**What is expected**
Transcribe every record in full, keeping it exactly the same.

**Information**
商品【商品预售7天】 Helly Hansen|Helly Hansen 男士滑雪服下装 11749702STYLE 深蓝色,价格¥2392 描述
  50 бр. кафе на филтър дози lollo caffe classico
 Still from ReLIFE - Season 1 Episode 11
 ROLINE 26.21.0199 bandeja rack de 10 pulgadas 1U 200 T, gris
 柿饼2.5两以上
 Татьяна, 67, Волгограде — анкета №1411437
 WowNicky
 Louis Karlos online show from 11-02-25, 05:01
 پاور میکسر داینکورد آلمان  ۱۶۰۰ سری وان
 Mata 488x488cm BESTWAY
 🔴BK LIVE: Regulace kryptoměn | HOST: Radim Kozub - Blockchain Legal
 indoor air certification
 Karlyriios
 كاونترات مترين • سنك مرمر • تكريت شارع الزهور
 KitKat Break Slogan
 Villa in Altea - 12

**Output of the exercise**
商品【商品预售7天】 Helly Hansen|Helly Hansen 男士滑雪服下装 11749702STYLE 深蓝色,价格¥2392 描述
  50 бр. кафе на филтър дози lollo caffe classico
 Still from ReLIFE - Season 1 Episode 11
 ROLINE 26.21.0199 bandeja rack de 10 pulgadas 1U 200 T, gris
 柿饼2.5两以上
 Татьяна, 67, Волгограде — анкета №1411437
 WowNicky
 Louis Karlos online show from 11-02-25, 05:01
 پاور میکسر داینکورد آلمان  ۱۶۰۰ سری وان
 Mata 488x488cm BESTWAY
 🔴BK LIVE: Regulace kryptoměn | HOST: Radim Kozub - Blockchain Legal
 indoor air certification
 Karlyriios
 كاونترات مترين • سنك مرمر • تكريت شارع الزهور
 KitKat Break Slogan
 Villa in Altea - 12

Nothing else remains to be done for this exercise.